I went away for the weekend to a town around 6 hours away called Trichy (Tiruchirappalli), where we visited the Rockfort temple, a temple built on top of a rock 273ft high - the view from the temple over the flat city was amazing! We also went to the Ranganathaswamy temple complex, the 5th largest temple complex in Tamil Nadu. We couldn't see much of the temple complex as we weren't hindu, but it was still impressive. That evening we had the best food I've tasted so far in India, from a small Indian “restaurant” by the bus station – perfect idly (compacted mushed up rice in a disc shape) and chapatis, with the tastiest curries...all served on a banana leaf by a very charming old man. The bill came to 65Rupees (less than 65p) between us! The least we could do was leave the change from 100R.

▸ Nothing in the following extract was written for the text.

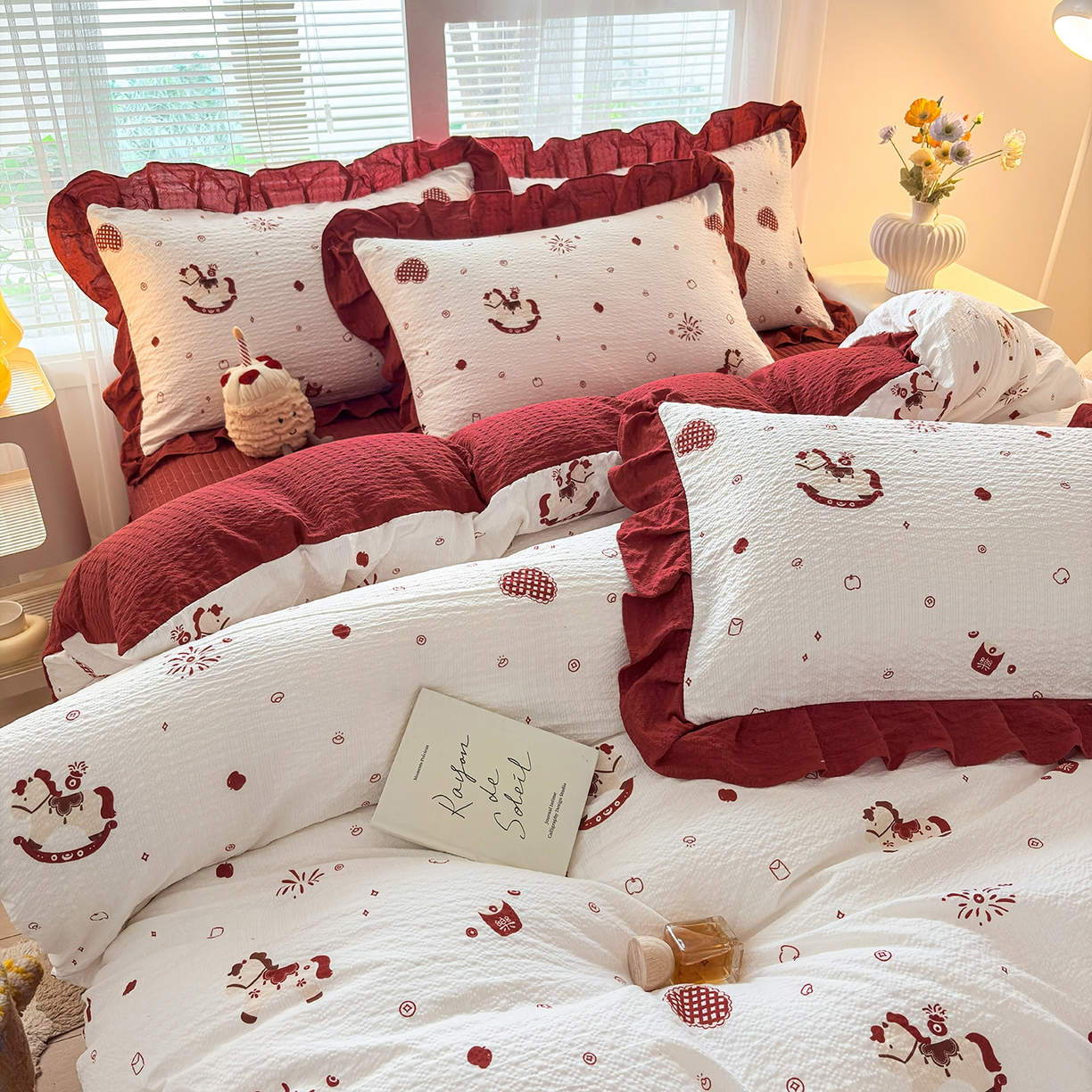 91家纺网 家纺一手货源 找家纺 （总）民新家纺 2026新款泡芙双层纱床盖款四件套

We caught the train to Villapurum on Sunday instead of the bus, which was a good decision as it was much roomier and more pleasant. I spent the journey on a metal luggage rack above some of the seats – a great way to travel! We arrived back at Sadhana in time to cook dinner.

Last week I didn't have a weekly Seva. Monday I collected leaves in the morning for new trees that were planted, and then after breakfast, helped dig a hole for compost with two Norwegian guys, which was hot sweaty work in the heat, but definitely rewarding. We continued the same job the next morning and managed to make a hole about 2m square and 50cm deep – it needed to be a metre deep. I had the job of submitting volunteer data (C forms) to the government online, for 3 sevas last week, which was a boring job, but gave me a nice opportunity to get to know some of the long-term volunteers. Other things I did were tree care and breakfast cooking.

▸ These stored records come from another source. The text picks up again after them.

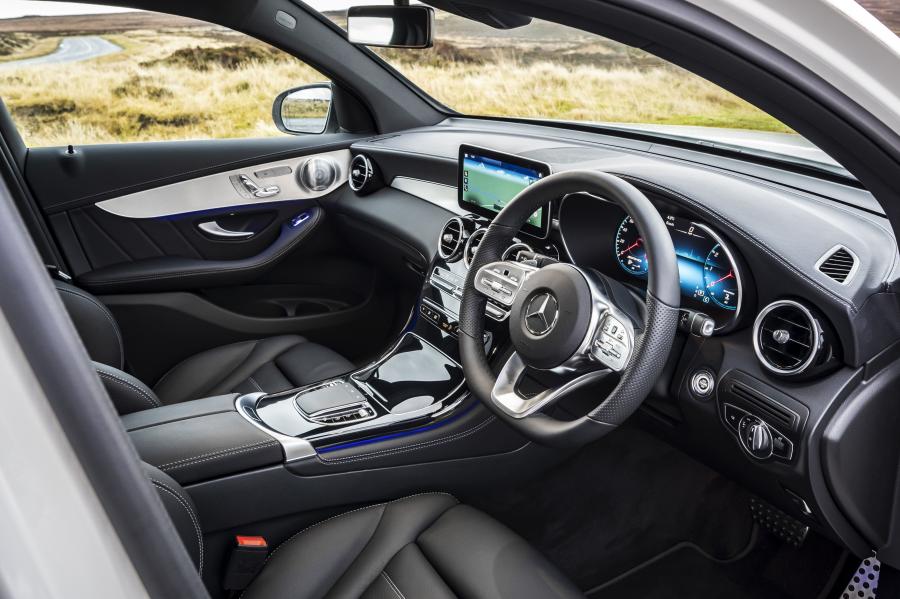 Интерьер Mercedes-AMG GLC43 4Matic Coupe (C253) 2019 года  (UK) (фото 16 из 69)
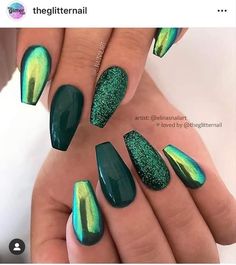 Crome Nails With Design, Green Holographic Nails, 40th Birthday Nails, Chrome Halloween Nails, Green Chrome Nails, Chrome Nails Designs, Chrome Effect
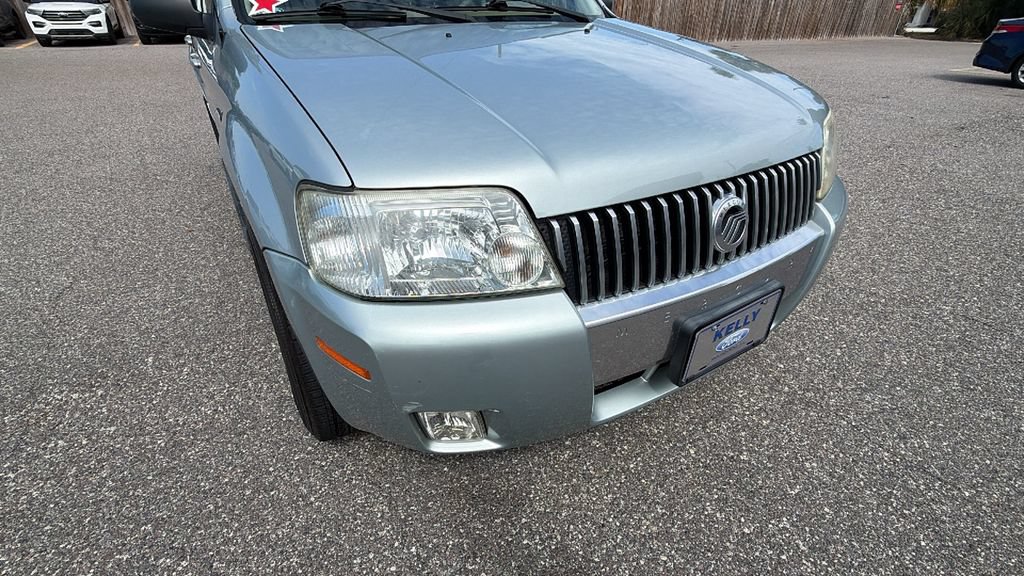 Used 2005 Mercury Mariner Luxury FWD image 9
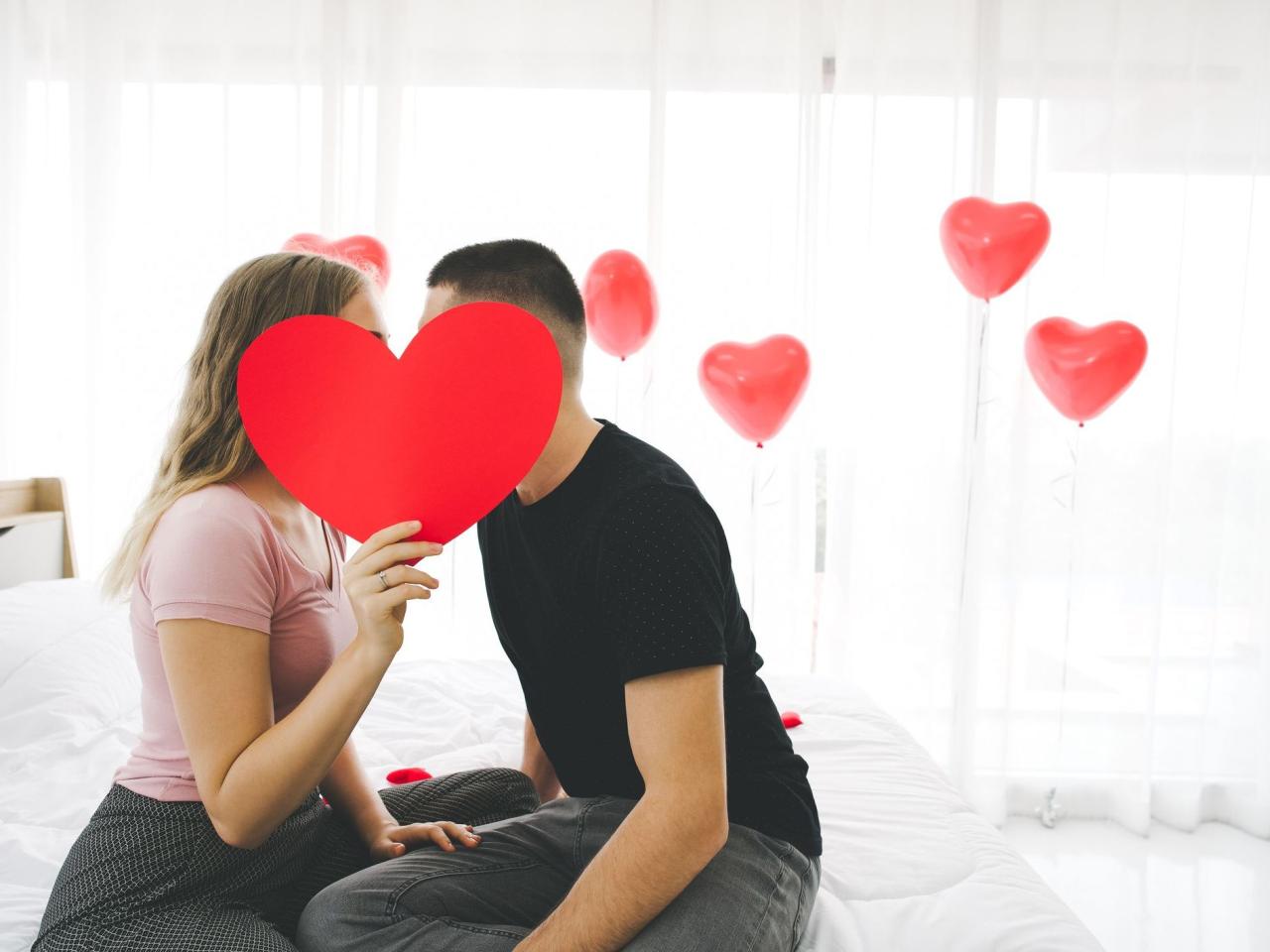30 Valentine's Day Questions - Valentine's Questions for Couples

I went to a couple of really amazing workshops last week. To start with, every Monday evening we have a sharing circle and last week it was very busy. It's a quiet space where each person in the circle has an opportunity to share how they are feeling or issues on their mind. Most people share very positive experiences and ways in which living at Sadhana has changed their lives – I was surprised at the number of people who have benefitted hugely and have gained things they never expected to gain, when all they came for was to help plant a forest. For me, I feel the most important things I've gained here so far are the incredible friendship and support I've found from many people, and inspiration and ideas from the extra workshops and conversations I've had, which have given me tools I can take home with me. It's really an invaluable experience.

So, that was the first workshop. The second was a talk about “Gift Economy”, run by a guy called Shami, who is an NVC (Non-Violent Communication) trainer. NVC is something I've only learnt about since being here – up til now, it's always meant “National Vegetation Classification”! But it's a really interesting training in coping with social issues, understanding other people and communicating in a positive way. The gift economy talk was about ways of making exchanges, whether personal or business, using a gift system, i.e. allowing people to decide how much to pay and looking at alternative ways of paying that move away from money. It's a very different and in my opinion much fairer way of working, than the conventional methods of exchange, and has given me some ideas that I could apply to my own situation.

Another workshop I attended was intuitive massage on Friday, which involved first meditating to feel our hands and body, and then massaging a partner in whatever way you feel they need. It didn't even have to be massage, it could be a hug, or placing your hand on their body – you just went with your intuition. I felt amazing afterwards and my partner said she did as well, and gave me the biggest hug and thank you afterwards. It's really powerful, not just for healing muscles, but to help emotional healing as well. It's inspired me to start up my own group when I come home.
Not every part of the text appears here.